Weddings Parties Anything singles chronology
| "Darlin' Please" (1989) | "Streets of Forbes" (1989) | "The Wind and the Rain" (1989) |

= Streets of Forbes =

"Streets of Forbes" (Roud # 20764) is an Australian folksong about the death of bushranger Ben Hall. The song is one of the best-known elements of the Australian folk repertoire. It has been recorded by many folk and popular artists and groups including The Bushwhackers, Gary Shearston, Niamh Parsons, June Tabor, Show of Hands, and Weddings Parties Anything. English folk singer Martin Carthy sings the song on his 1968 album But Two Came By with Dave Swarbrick.

Paul Kelly made his public debut singing the Australian folk song "Streets of Forbes" to a Hobart audience in 1974. "The Streets of Forbes" is usually listed as traditional or anonymous, but Gary Shearston writes that "there are reasons for thinking John McGuire, (Ben Hall's brother in law), may well have been the original author".

==Lyrics==
The song recounts how Ben Hall left his station and became a bushranger for three years and was then shot dead by police in 1865. The song paints Hall in a sympathetic light, and portrays the police as corrupt, brutal and cowardly.

===Cultural references===
Forbes is a small town in New South Wales, a state of Australia.

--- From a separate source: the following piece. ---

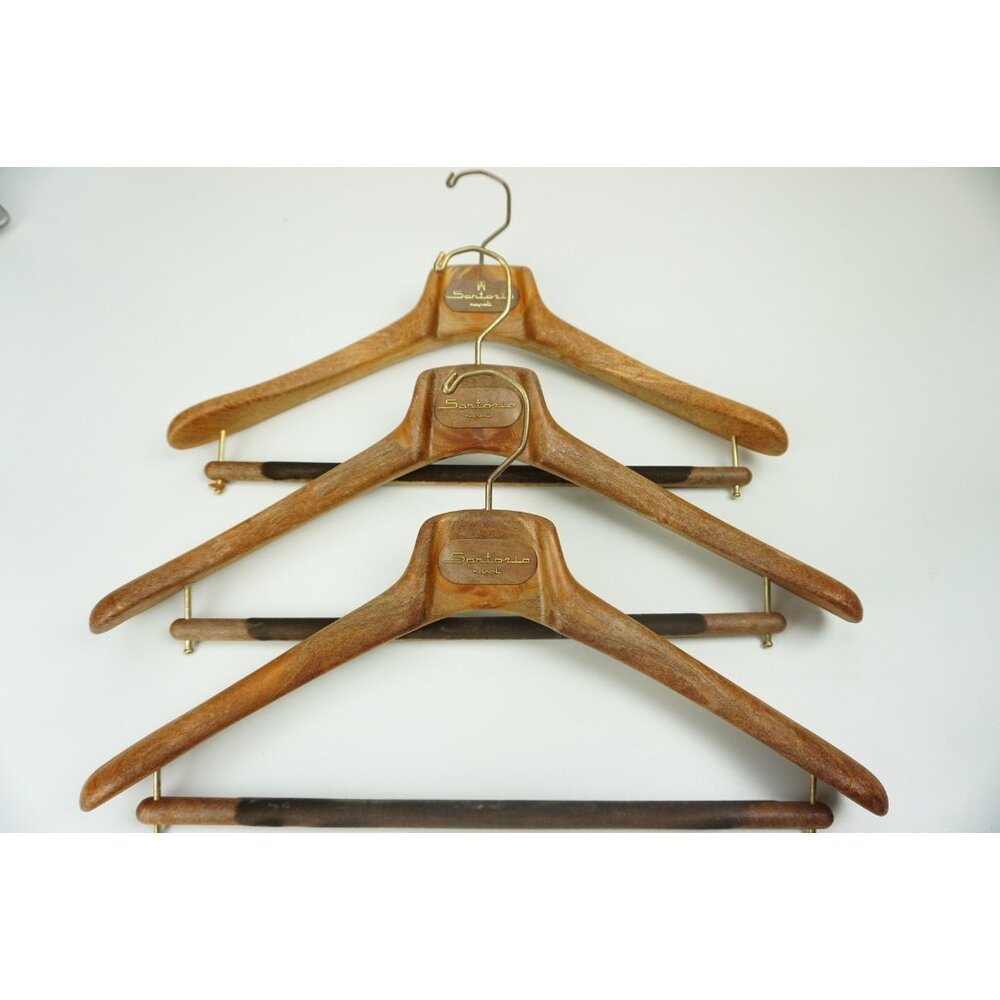 Sartorio Napoli Brown Composite Set of 3 Hangers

At the time of Ben Hall, Forbes was part of the Colony of New South Wales, in turn part of the British Empire.

"Lachlan men" refers to people living near the Lachlan River, which runs through Forbes.

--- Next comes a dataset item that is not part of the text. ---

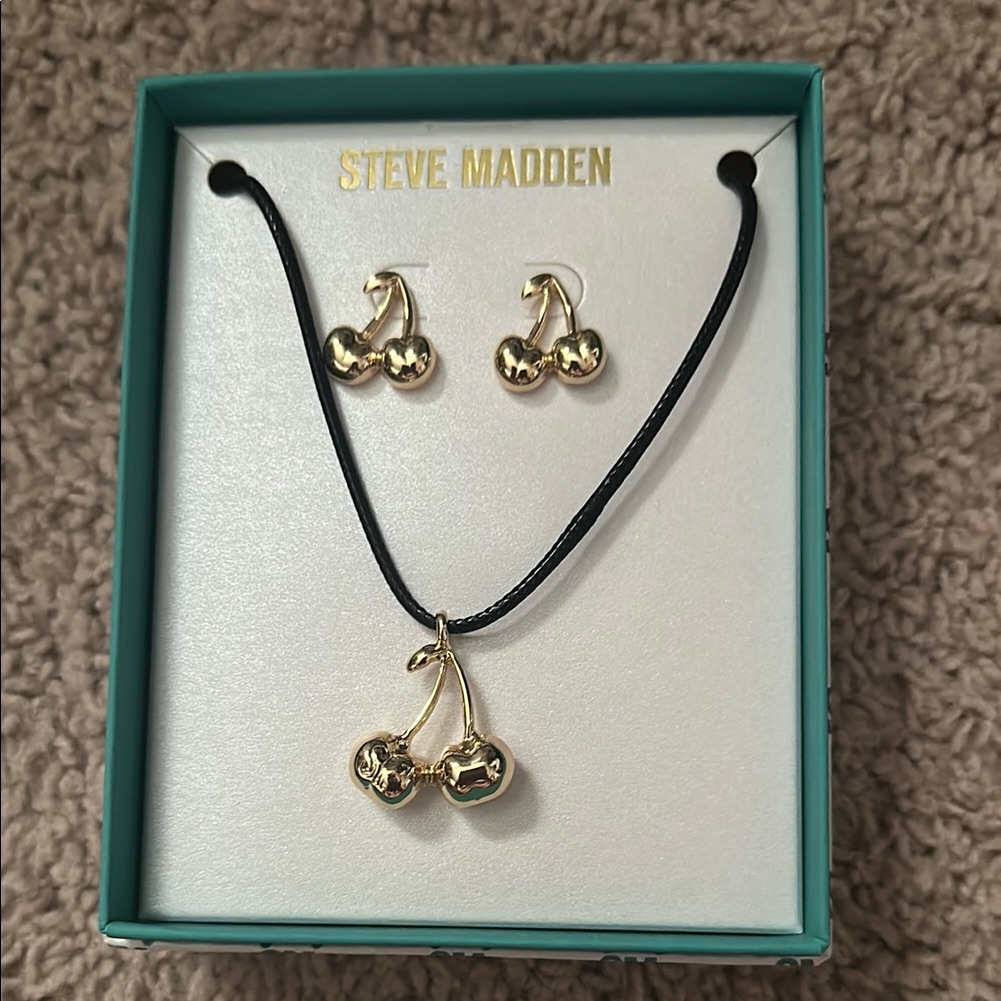 Steve Madden Gold Cherry Jewelry Set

A station is a large Australian livestock farm.

"Traps" and "troopers" are old Australian terms for the police.

Gilbert and John Dunn were two other bushrangers who were members of Ben Hall's gang.

Bushrangers were rural outlaws in colonial Australia, who typically engaged in robbery and theft.

Goobang Creek is a small tributary of the Lachlan River.

The Bill Dargin (also known as Billy Dargin) mentioned in the song was an Aboriginal Australian tracker employed by the police to find Ben Hall.

"Prad" is old Australian slang for a horse.

"One thousand pounds" refers to the British pound, the currency of Australia during colonial times. In 1910 it was replaced by the Australian pound. In 1966 the Australian dollar became the official currency.